Further, an informal arbitration demand made on behalf of FMK does not bar a plenary action against its shareholders. The arbitration clause contained in Paragraph 20 of the Agreement by its express terms binds only the parties to the Agreement and may not be imputed to non-signatories, except in narrow circumstances not applicable here (e.g., Matter of Rural Media Group, Inc. v Yraola, 137 AD3d 489, 490 [1st Dept 2016]).

Finally, Barbera's reliance on the failure of the fifth cause of action in Action #1 and the sixth cause of action (mistakenly designated as the second fifth cause of action)in Action #2, both identically asserted under Lien Law Article 3-A, Section 77, to be brought as a class action, is belied by the common language in paragraphs 44 and 56 of the respective complaints. Class certification and an inquest on damages may follow separately and will not be hampered by entry of a default judgment on liability on these claims as against Barbera.

Accordingly, it is hereby

ORDERED that the actions are severed and stayed as to defendants FM Kelly Construction Group Inc. and Fredrick M. Kelly,except for an application to vacate or modify said stay, and are continued as to the remaining defendant Joseph F. Barbera; and it is further

ORDERED that any party may make an application by order to show cause to vacate or modify this stay upon the final determination of, or vacatur of the stay in the proceedings brought by FM Kelly Construction Group Inc. and Fredrick M. Kelly before the United States Bankruptcy Court for the Eastern District of New York, Case Numbers 8-16-72143 and 8-17-71528 respectively; and it is further

ORDERED that the movant is directed to serve a copy of this order with notice of. entry on the Trial Support Office (Room 158); and it is further

ORDERED that plaintiff's motions for default judgments are granted on the issue of liability only as against defendant Joseph F. Barbera on the Fifth Cause of Action in Action #1 and the Sixth Cause of Action (mistakenly designated as the second fifth cause of action) in Action # 2 pursuant to Lien Law Article 3-A, Section 77, and the motions are otherwise denied.
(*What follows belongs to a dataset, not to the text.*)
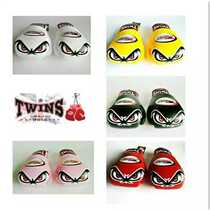 Twins eye pattern Thai original boxing sanda mens and womens training leather boxing gloves Muay Thai gloves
This constitutes the Decision and Order of the Court.

Dated: April 21, 2017

ENTER:

/s/_________

Ellen M. Coin, A.J.S.C.


Summaries of

R.C. Baas Constr. Corp. v. FM Kelly Constr. Grp. Inc.

SUPREME COURT OF THE STATE OF NEW YORK COUNTY OF NEW YORK : IAS PART 63
Apr 21, 2017
2017 N.Y. Slip Op. 30844 (N.Y. Sup. Ct. 2017)
Case details for

R.C. Baas Constr. Corp. v. FM Kelly Constr. Grp. Inc.

Case Details

Full title:R.C. Baas Construction Corp., Plaintiff, v. FM Kelly Construction Group…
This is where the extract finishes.